一转眼又是一年了,我又要去婺源。因为婺源的春天来了。
朋友到处找我,问在哪里。
“我在婺源。”
“你怎么老往那里跑啊?” 朋友怎么也不会明白为什么大老远跑去那里。
用眼光打量三月婺源,细雨微扬,大片的淡灰,几抹重墨,白墙、黑瓦、老屋、石桥、篱笆、青苔、水禽、柳枝、竹林、远山、近水、迷离的烟雾与氤氲的水气,还有那半亩山地。诗画、梦情、山影、清风,洇濡渲染,意境空灵,畅畅然……。徽州的烟雨乡村十分诱人,值得一去再去。

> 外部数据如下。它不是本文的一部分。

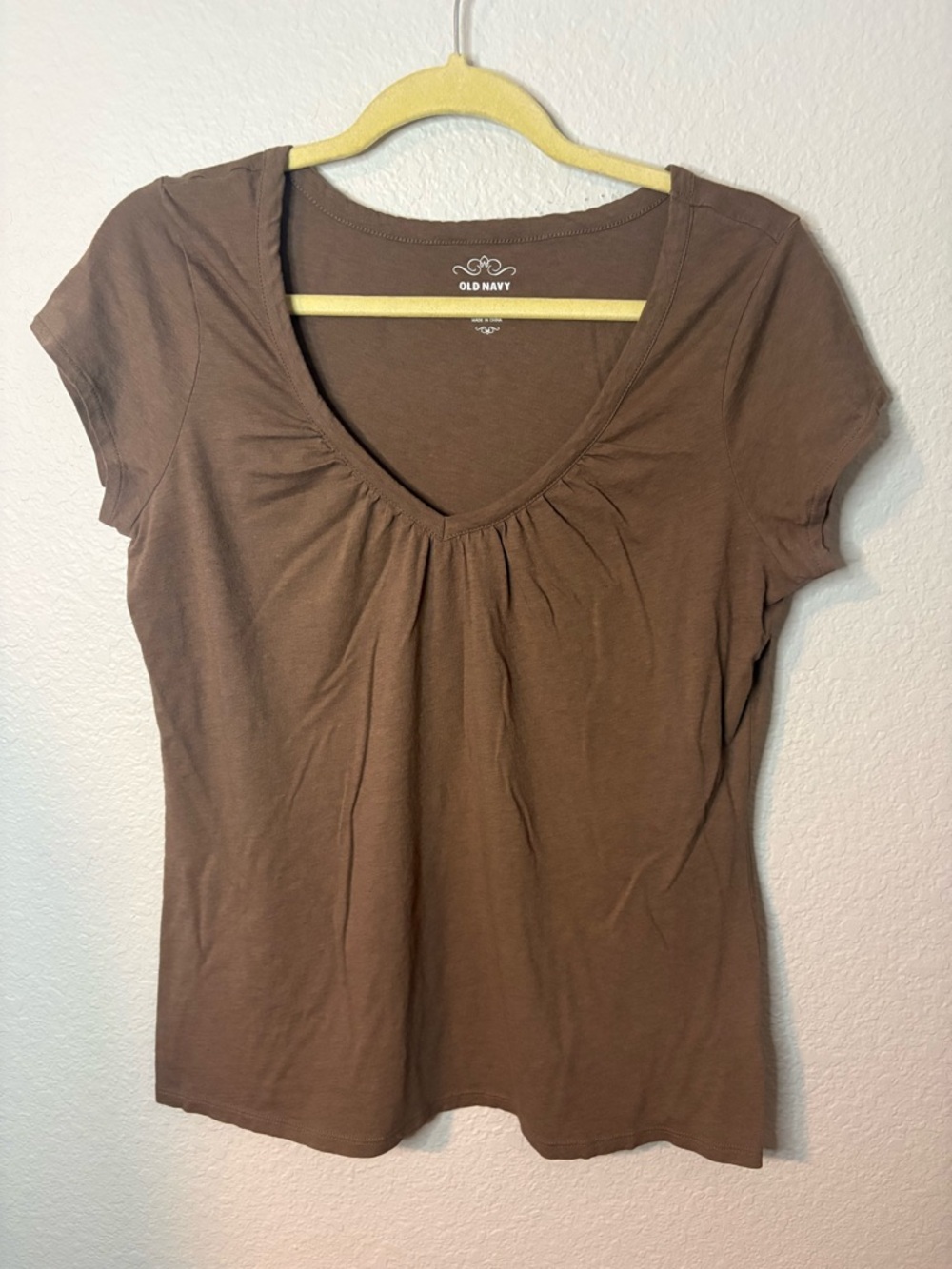 Old Navy Women's Brown V-Neck Short Sleeve Tee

婺源的乡村大都处在山、水、林的包裹之中。初春是季节的边缘。婺源三月雨水充沛,“晴天早晚遍地雾,阴雨之时满山云”,时常雨丝飘零、雾气迷漫,
我从小在山里水边长大,游徽州的念头,也许因为徽州旧年时光淡淡的怀旧情绪而萌生的。
民居,最早给予人们的意义在于栖居,是传宗接代的居所。而今天封闭的四合院落仍然是人们生息与共的地方。深宅大院,气色森严,方砖地面,乌漆窗格,四周刻着花鸟、戏文,刘备招亲、百鸟朝凤……,无不活灵活现,足见主人当年的气派与地位,如今却锄头、犁头、铁锹、车架、菜篮堆了一墙角,板壁上挂满扁担、草绳、竹笠、镰刀。凑上去闲侃,没有一丝生分:
“几个孩子”。
“两个”。
“收入好吗”。
“不太好啊”。
“卖了这房子出去做生意啊”。
“祖辈留下的东西,怎么能卖掉呢?”
与祖先的荣耀朝夕相处,话语里主人对前辈的遗存有了几分骄傲,却也掩盖不住一丝尴尬。中国古语,家好不过三代。受现代文明洪流的冲击,农耕文明构架下的生活形态在迅速瓦解、崩溃、消失,逐渐会少了一些有价值的文化传统。徽州作为我们的生活家园、精神家园的一种符号,曾经被赋予各种形式的意义和诠释,衍生出多少美好的传说。今天,祖屋老房的秘密没有随时间的推移而剥落,仍像砖石一般坚守那份私密故事,寄居身体的同时,寄生一种文化——乡土难离。事实上,山村人不想替换某种方式生存,缘于来自故乡根深蒂固的情感领域和价值理念,那幢老屋虽然古朴、陈旧,却是生他养他的根。这些前人光宗耀祖的标志建筑,给乡族人群清贫的生活中注入一种简单的满足。时过境迁,一切都将成为故事,随着时间的消逝,我们有必要在心灵上、精神上再次崇拜徽州,从审美的角度去解读徽州,通过镜头久久凝视徽州——山村的条件造就了徽州人平和温顺、朴实厚重、吃苦耐劳的性格特征。偏远小村的男女主人都本份憨实,言语木讷,来了客人一概都当熟人接待。与他们一起,隐隐会觉得天生就是一种缘分,那份亲切感就如村口那簇风水林,根脉深深扎入泥土。一旦客人走后,留下的纪念也许就是无止尽的回忆了。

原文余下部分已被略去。